== ACTIVITY ==
Keep the pictures out. Restate the entries below word for word.

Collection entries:
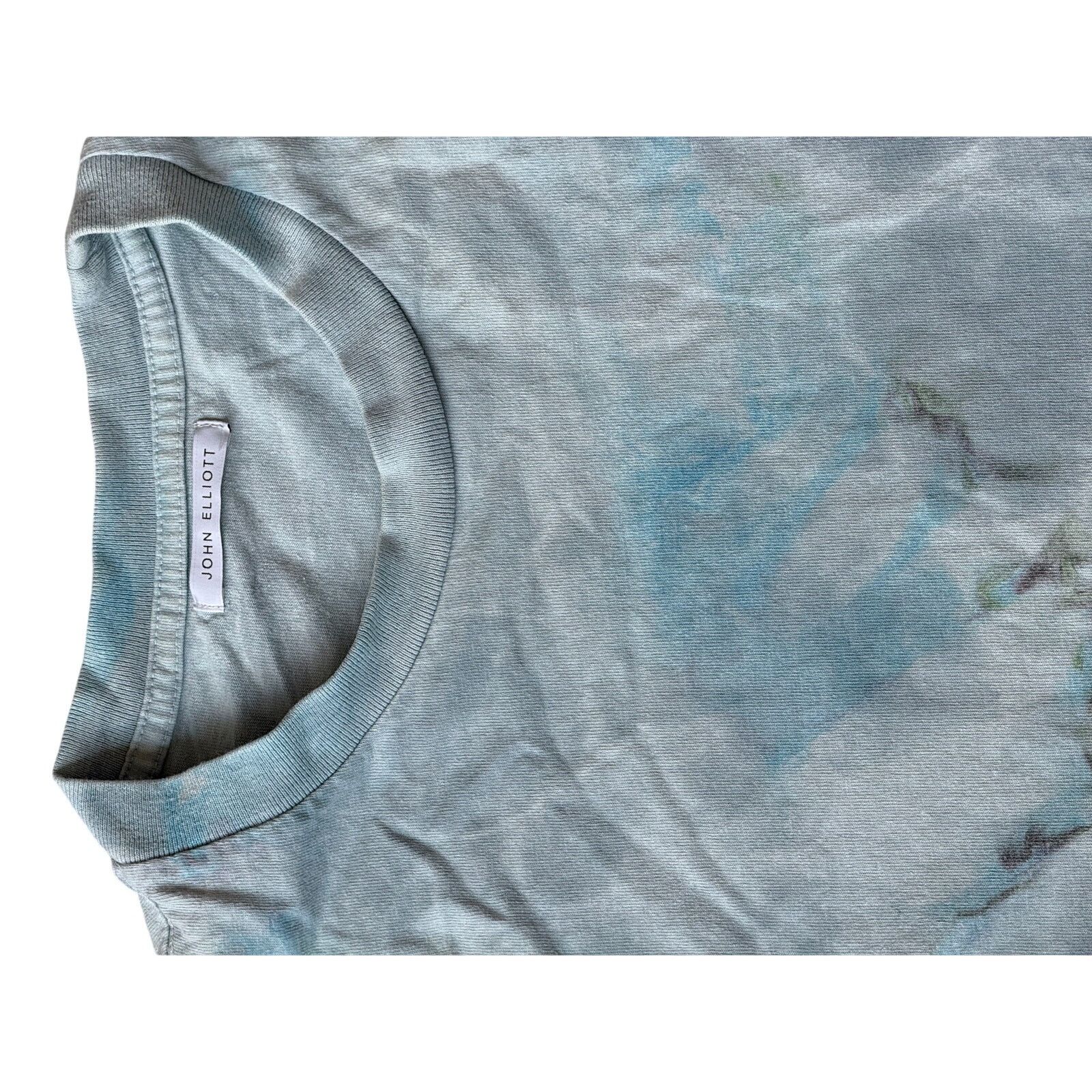 John Elliott John Elliott LS University Tee Marble Dye (L) - Blue/Green Size US L / EU 52-54 / 3 - 2 Thumbnail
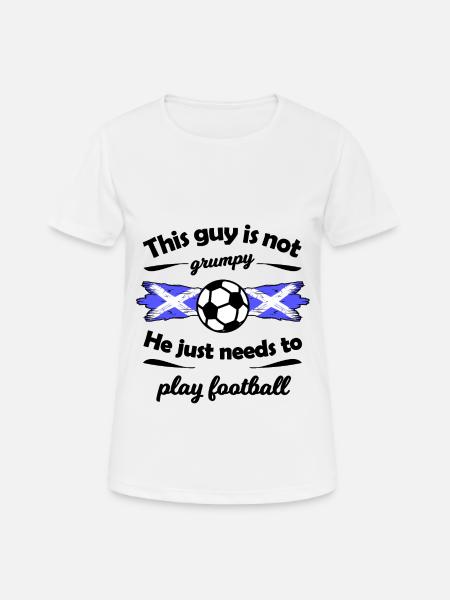 The fans from Scotland - Women's Breathable T-Shirt - white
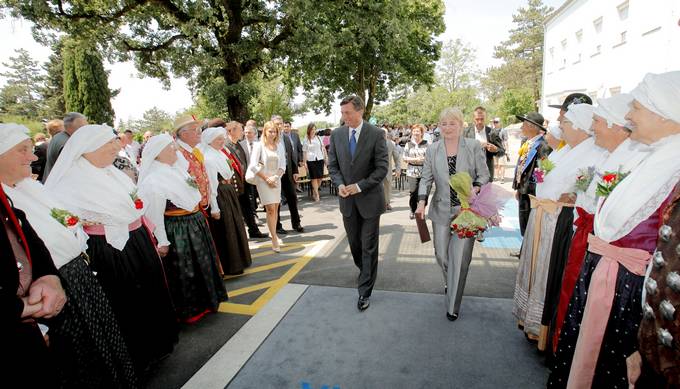Predsednik republike se je danes udeležil slovesnosti ob zaključeni celostni prenovi Bolnišnice Sežana.
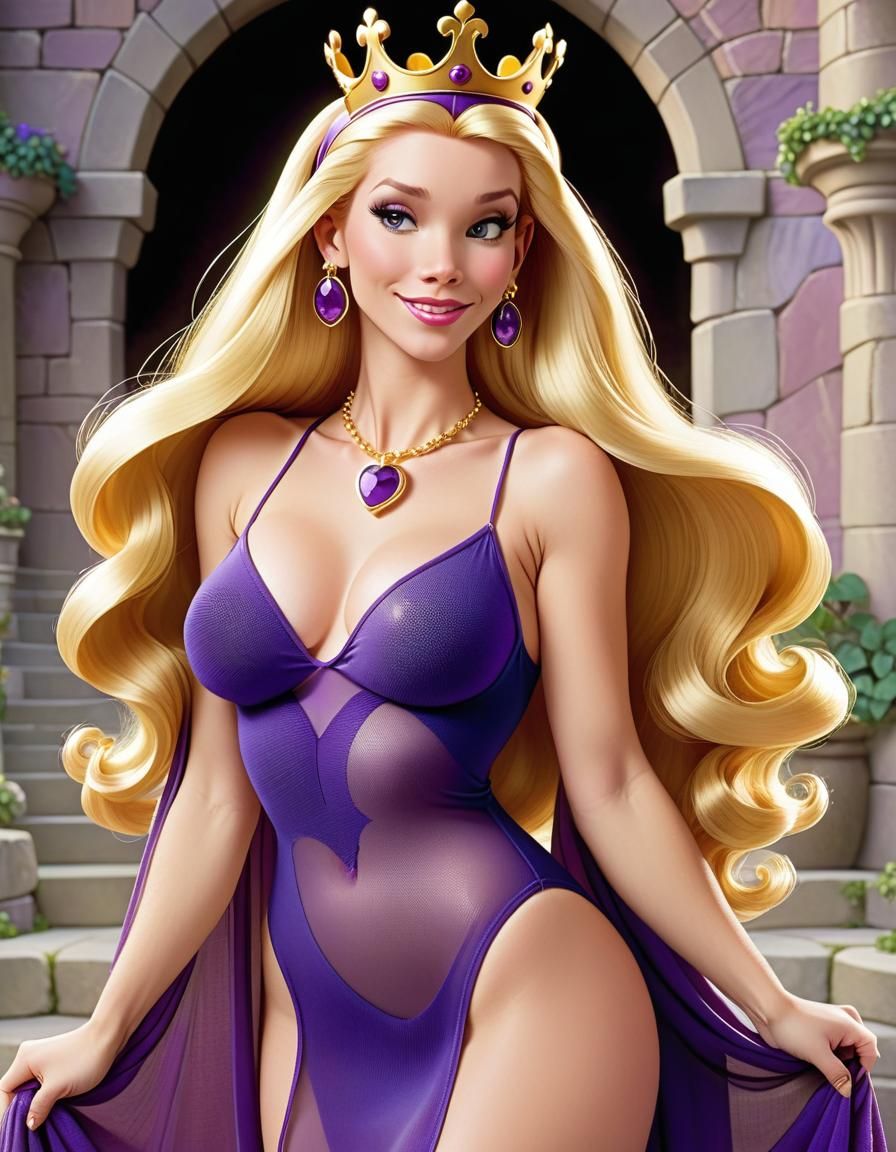 Princess Daphne in Don Bluth Cartoon Style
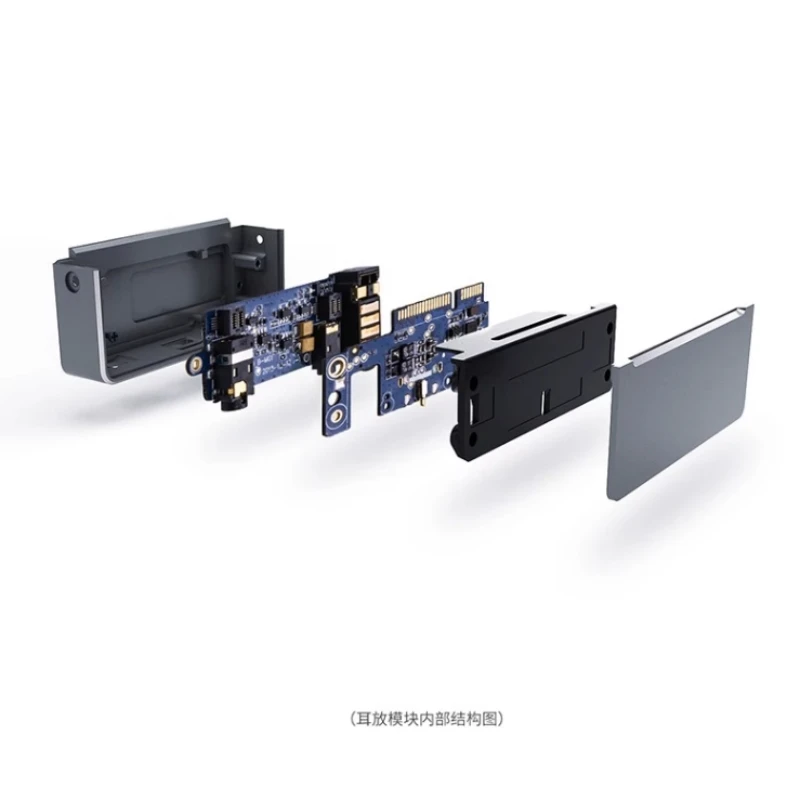 Fiio AM3e 고출력 헤드폰 앰프 모듈, 모듈러 X7 X7 II Q5 Q5S DAC 2.2mm + 3.5mm + 4.4mm 출력 전력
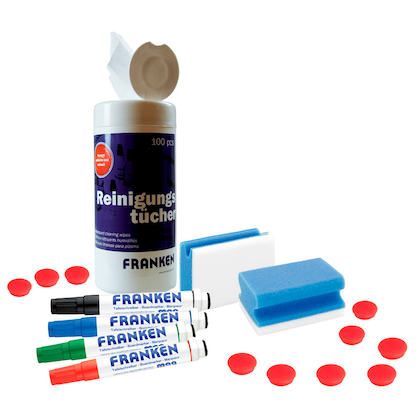 Artikelbild für FRANKEN Glas-Magnettafel Zubehör-Set 03 17 Teile, Artikelnummer 671006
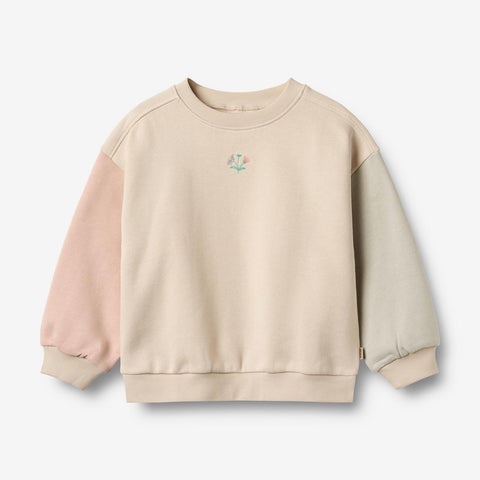 Wheat Off-White Elliot Embroidery Sweatshirt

== EXERCISE RESULT ==
 John Elliott John Elliott LS University Tee Marble Dye (L) - Blue/Green Size US L / EU 52-54 / 3 - 2 Thumbnail
 The fans from Scotland - Women's Breathable T-Shirt - white
Predsednik republike se je danes udeležil slovesnosti ob zaključeni celostni prenovi Bolnišnice Sežana.
 Princess Daphne in Don Bluth Cartoon Style
 Fiio AM3e 고출력 헤드폰 앰프 모듈, 모듈러 X7 X7 II Q5 Q5S DAC 2.2mm + 3.5mm + 4.4mm 출력 전력
 Artikelbild für FRANKEN Glas-Magnettafel Zubehör-Set 03 17 Teile, Artikelnummer 671006
 Wheat Off-White Elliot Embroidery Sweatshirt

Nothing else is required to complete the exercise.